Simplemente un día salió diciendo que iba a buscar trabajo y nunca regresó. No dejó dinero para la comida, no dejó explicaciones ni despedidas. No volvieron a saber de él durante años. Años después, cuando Carmen ya era adolescente y trabajaba en el teatro, se enteraría por casualidad de que su padre había muerto en un accidente en las vías del tren cerca de Saltillo.

Pero para entonces ya no le importaba en absoluto. Era como si le contaran la muerte de un extraño. Carmen creció sin padre y con una madre que nunca volvió a confiar en ningún hombre. Eso marcaría absolutamente todo lo que vendría después en su vida, porque cuando no tienes nada, aprendes a hacer cualquier cosa por sobrevivir.

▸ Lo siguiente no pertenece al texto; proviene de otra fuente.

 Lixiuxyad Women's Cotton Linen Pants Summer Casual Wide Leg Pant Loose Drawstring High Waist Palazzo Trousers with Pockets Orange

Su madre se quedó a cargo de todos ellos, completamente sola, sin ayuda de nadie, sin familia que la apoyara, lavando ropa ajena en el río hasta que se le agrietaban las manos, limpiando casas de familias ricas que la trataban peor que a un perro, haciendo tortillas para vender en la calle de madrugada antes de que saliera el sol.

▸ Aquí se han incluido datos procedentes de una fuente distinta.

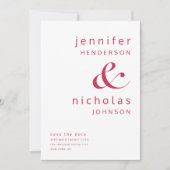 Elegant Magenta Typografy Wedding Save The Date (Vorderseite)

Y aunque después se juntó con otro hombre, un carpintero viudo que al menos no le pegaba, Carmen Lozano Viramontes decidió nunca volver a casarse legalmente. Había aprendido la lección más dura de su vida, que los papeles no significan absolutamente nada cuando el hombre no vale nada.

Carmen creció viendo eso cada día, viendo a su madre sobrevivir contra todo pronóstico, viendo que en este mundo cruel las mujeres tienen que ser más listas, más fuertes, más astutas que los hombres para no terminar completamente destruidas. Y eso eso se le quedó grabado para siempre en el alma. Pero había algo más en la infancia de Carmen, algo que ella misma nunca contó públicamente en ninguna entrevista, pero que sus hermanos recordaban con un dolor que no pasaba con los años, el hambre.

Había días en que no había absolutamente nada que comer en toda la casa, ni tortillas, ni frijoles, nada. Días en que Carmen y sus hermanos se iban a dormir con el estómago completamente vacío, retorciéndose de los calambres del hambre. Días en que su madre lloraba en silencio en la cocina oscura porque no tenía con qué alimentarlos, ni siquiera un puño de frijoles o un huevo.

Carmen recordaría años después esos días con una mezcla de dolor profundo y rabia contenida, que nunca se fue del todo. Yo sé perfectamente lo que es ir a la escuela sin desayunar y sin lonche, con el estómago vacío. Yo sé lo que es ver a tu mamá llorar porque no tiene ni para un kilo de tortillas. Yo sé lo que es el hambre de verdad, no el hambre de dieta o de capricho.